Preslar To Retire at Medical Center; CEO Led Baptist Hospital for 19 Years
WINSTON-SALEM, N.C. – Len B. Preslar Jr., who led North Carolina Baptist Hospital to new heights in quality of service, financial strength and state-of-the-art facilities, will retire June 30 as president and CEO.
Preslar, who will turn 60 in August, has been chief executive for 19 years. He has been chief financial officer for 13 years and has worked at the hospital for 38.
Preslar has been a leader in the hospital field, chairing the North Carolina Hospital Association Board and serving on the Executive Board of the Council of Teaching Hospitals and on the Governing Board of the University HealthSystem Consortium. In the Winston-Salem community, his many activities include chairing the United Way and serving on the Executive Committee of the Chamber of Commerce. The Old Hickory Council of the Boy Scouts named him its 2001 Distinguished Citizen of the Year.
Baptist Hospital and Wake Forest University Health Sciences are the two organizations that comprise Wake Forest University Baptist Medical Center, the Piedmont Triad’s largest employer with more than 11,000 jobs.
Donny C. Lambeth, chief operating officer of the hospital, was named as interim president. Lambeth joined the hospital in 1972 and was Preslar’s first recruit.
Under Preslar’s leadership, Baptist evolved from a hospital to a health care system, adding long-term care and rehabilitation services, hiring primary care physicians, developing affiliations with 21 regional hospitals and acquiring MedCost, the largest PPO network in the Carolinas.
Assets increased from $290 million to $1.3 billion during Preslar’s tenure as CEO. System revenues are expected to exceed $940 million this year. Baptist has an Aa bond rating, which only 90 hospitals across the United States enjoy. Employment at the hospital system has grown from 3,700 to more than 7,700.
Baptist Hospital has ranked in the top 2 percent of its peers in patient satisfaction for the past five consecutive years. “We have developed a culture of continuous process improvement here that results in increasingly excellent service and care for our patients,” Preslar said. Preslar led the implementation of a fully functioning electronic medical record, which facilitates excellent outcomes and service. “Our employees and physicians take great pride in putting patients first,” he said.
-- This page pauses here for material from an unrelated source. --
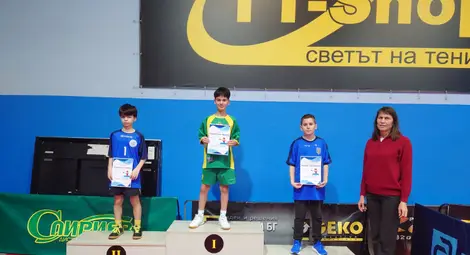 Младите тенисисти на маса от МГ "Баба Тонка"-Русе с букет титли и медали от общинското първенство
Facilities and programs established while Preslar has been CEO include the new Comprehensive Cancer Center facility, the Sticht Center on Aging and Rehabilitation, outpatient rehabilitation programs at CompRehab, long-term care and rehabilitation services at Oak Summit, heart transplantation, positron emission tomography (PET), Gamma Knife and the Downtown Health Plaza. CareNet, the hospital’s outpatient pastoral counseling network, has grown to become the largest in the country, serving 85 percent of counties in North Carolina at 19 sites.
“I am proud of our faith-based heritage,” said Preslar, a Baptist himself. “There is a powerful combination of faith and science here that creates the best possible environment for healing. It is our commitment to a unique culture of quality and service excellence that I am most proud of.”
During his tenure as CEO, Baptist has invested more than $450 million in new facilities, adding more than 2 million square feet comprising more than 60 percent of its operating facilities.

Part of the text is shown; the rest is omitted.